**INFORMATION SHOWN:**
Segment Open

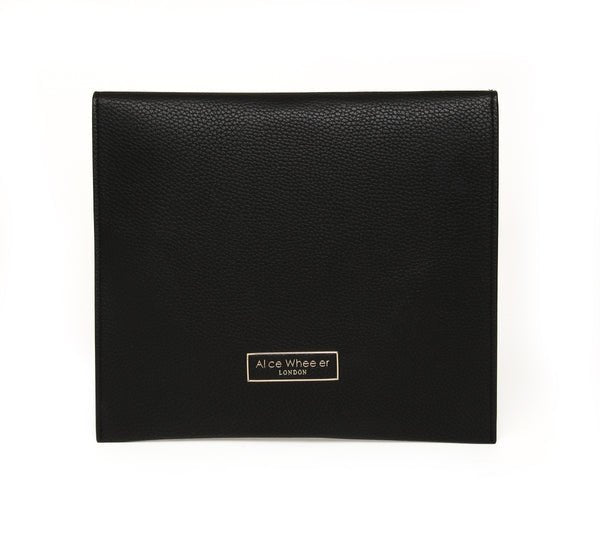 Mirror & Case/Black - RUTHERFORD & Co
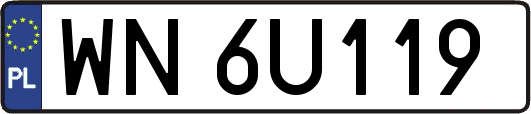WN6U119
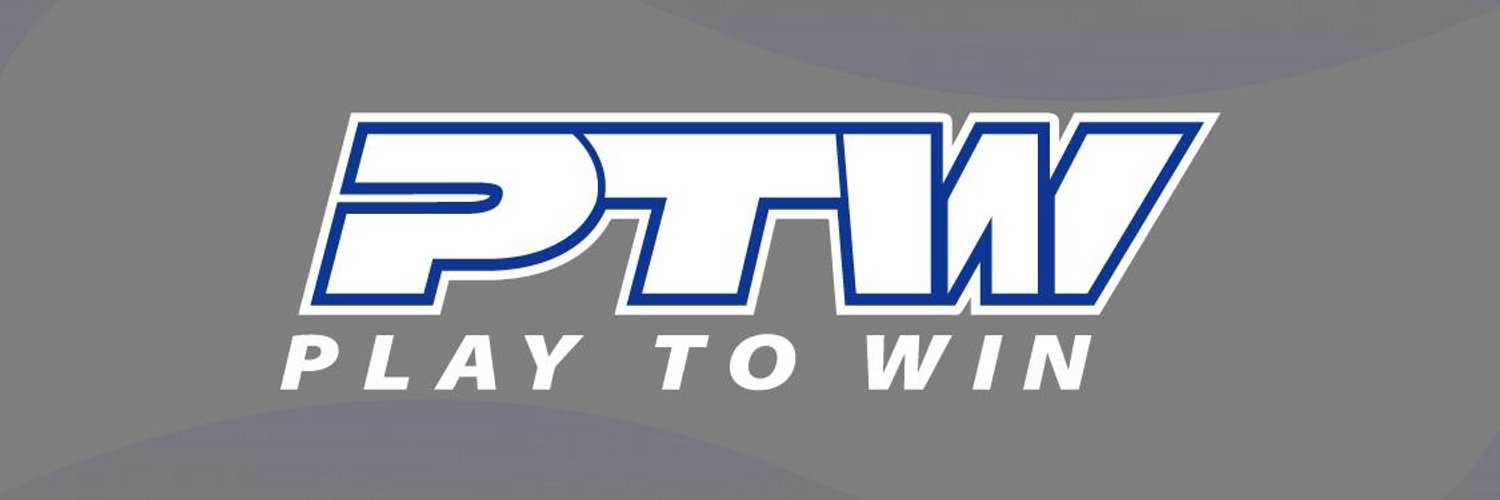 Play to Win (PTW) Profile Banner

Segment Closed

**PROBLEM DETAILS:**
Set down the data above verbatim, omitting every image.

**RESULT OF THIS EXERCISE:**
 Mirror & Case/Black - RUTHERFORD & Co
WN6U119
 Play to Win (PTW) Profile Banner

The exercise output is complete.